El trauma de esta condena y los pecados y fallos que habían traído tal injusticia a su mundo provocaron al poeta una crisis personal en su mediana edad. Comenzó a escribir la Comedia, su épico relato de un viaje imaginario desde la oscuridad hasta la luz última: la theosis o unidad con Dios. Empapada de escolástica y de la política de Estado de la Iglesia de la Alta Edad Media, la Comedia es teológicamente profunda, políticamente incisiva y se encuentra impregnada de detalles históricos. Es imposible comprender la Comedia sin un buen conjunto de notas del traductor.
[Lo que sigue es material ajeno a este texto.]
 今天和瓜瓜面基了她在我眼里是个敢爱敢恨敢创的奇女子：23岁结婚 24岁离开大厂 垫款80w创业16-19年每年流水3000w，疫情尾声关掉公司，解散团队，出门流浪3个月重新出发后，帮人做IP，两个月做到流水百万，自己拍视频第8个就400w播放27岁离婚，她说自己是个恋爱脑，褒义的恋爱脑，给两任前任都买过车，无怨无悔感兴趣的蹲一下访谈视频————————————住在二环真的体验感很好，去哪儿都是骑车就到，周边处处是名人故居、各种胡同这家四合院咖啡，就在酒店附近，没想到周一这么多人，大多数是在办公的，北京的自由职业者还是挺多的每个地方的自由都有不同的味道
En su excelente curso de audio sobre la Comedia, los dantistas contemporáneos Bill Cook y Ron Herzman dicen que las diferentes audiencias a las que han enseñado han respondido a diferentes aspectos del poema. Los estudiantes tienden a preferir la vivacidad cinematográfica del Infierno, los presos responden al énfasis del Purgatorio en lo que concierne a la reforma moral, y los monjes aman la naturaleza contemplativa del Paraíso. El poema de Dante es tan accesible porque habla profundamente de la condición humana en diversos niveles. Es un retrato del cosmos y es, a la vez, una historia de aventuras, un discurso moral, una alegoría y un medio para estimular al lector a reflexionar sobre realidades teológicas y metafísicas más elevadas.
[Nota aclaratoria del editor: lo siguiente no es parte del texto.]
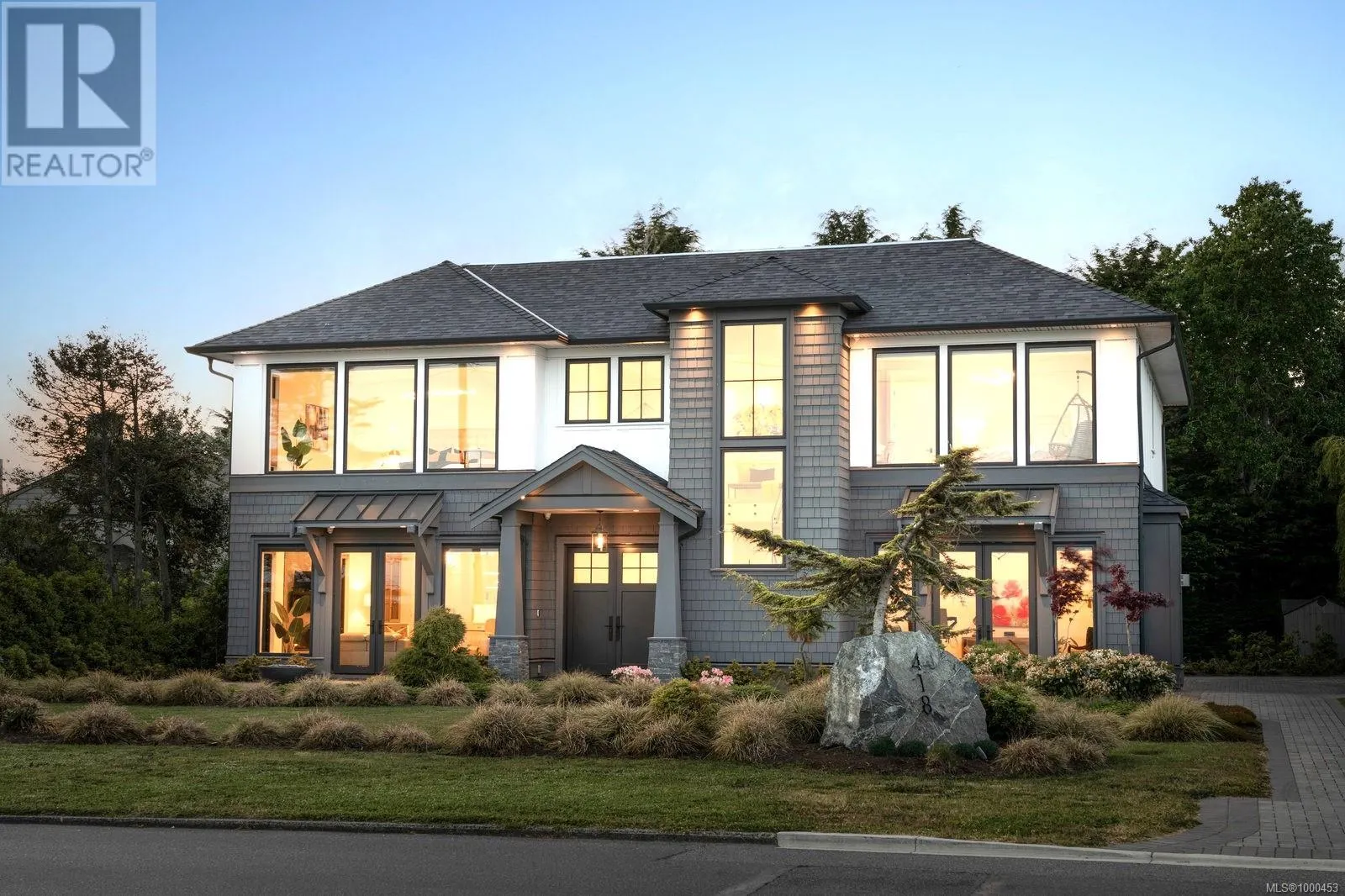 418 Beach Dr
También es, como la erudita de Dante Prue Shaw dice en su libro Reading Dante: From Here to Eternity, «la historia de una profunda crisis psicológica y cómo se resolvió esa crisis». Todo comienza con la comprensión de que uno está en una «selva oscura», con la conciencia de su propia pérdida y confusión. Dante el peregrino, es decir, el protagonista del poema, no su autor, comienza su viaje hacia la iluminación caminando a través del caos de su propia alma.
El Infierno no es una taxonomía exhaustiva de pecados (aunque a veces lo parezca), sino, más bien, una alegoría de la naturaleza del pecado. Para Dante, los peores pecados no son los del apetito -lujuria y gula, por ejemplo-, sino los pecados contra las cosas que nos hacen más humanos. En la geografía espiritual de Dante, el Infierno es como una gran mina, con los pecados menos corruptos castigados en la parte superior, los pecados intermedios -pecados de Violencia y pecados de Engaño- castigados en las regiones centrales, y el pecado más obsceno de todos -la Traición- castigado en la parte inferior, donde habita Lucifer.
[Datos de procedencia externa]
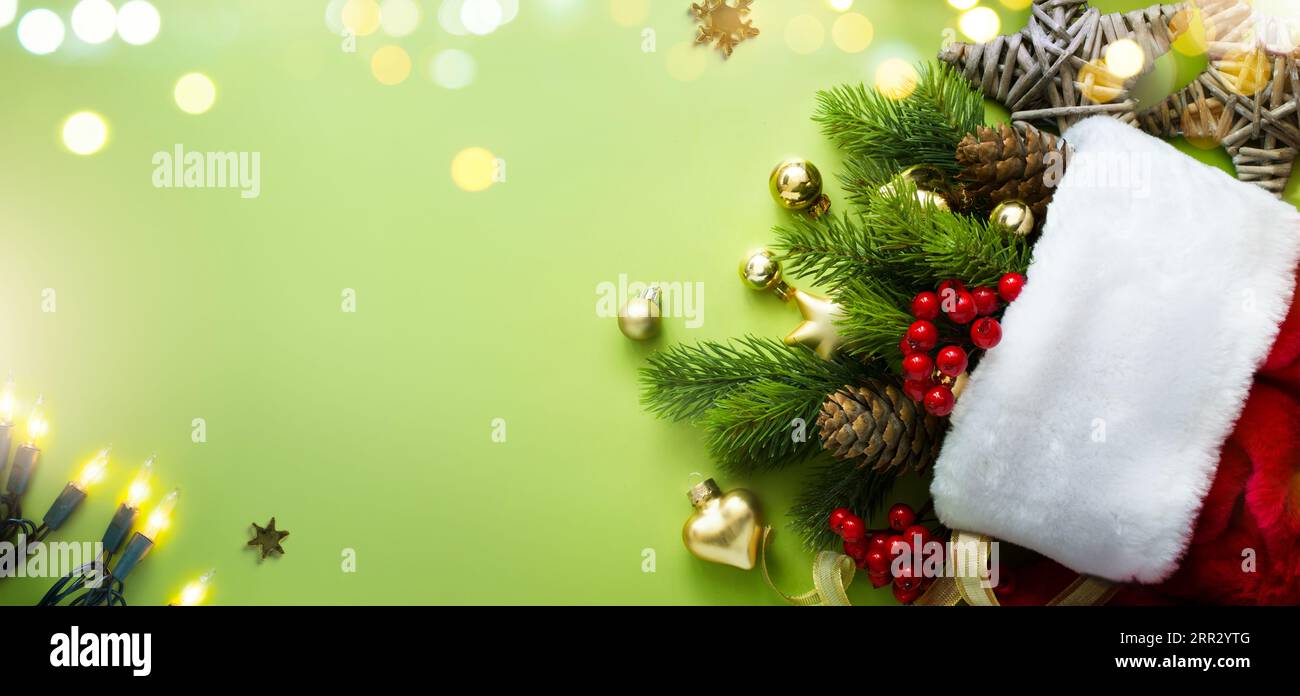 Cadeaux de Noël et décoration d'arbre de Noël. Motif banderole de Noël ou carte de vœux avec espace de copie Banque D'Images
Dante se sirve de esta categorización como un método para explorar la naturaleza del pecado como la perversión del Bien. Entregarse totalmente a la lujuria, la gula o la avaricia es condenable, pero no tan condenable como los pecados superiores, o más bien, inferiores, que implican no solo las pasiones corporales desordenadas, sino también las pasiones desordenadas de la mente.
El Dante peregrino llega a reconocer paulatinamente elementos de la culpa de cada pecador en su propio carácter. El propósito de esta gira por las regiones infernales es despertar al peregrino a la realidad del pecado, cómo este separa a los hombres de Dios, de su mejor naturaleza, de los demás y de su propia responsabilidad por el desorden del mundo y de su propia alma.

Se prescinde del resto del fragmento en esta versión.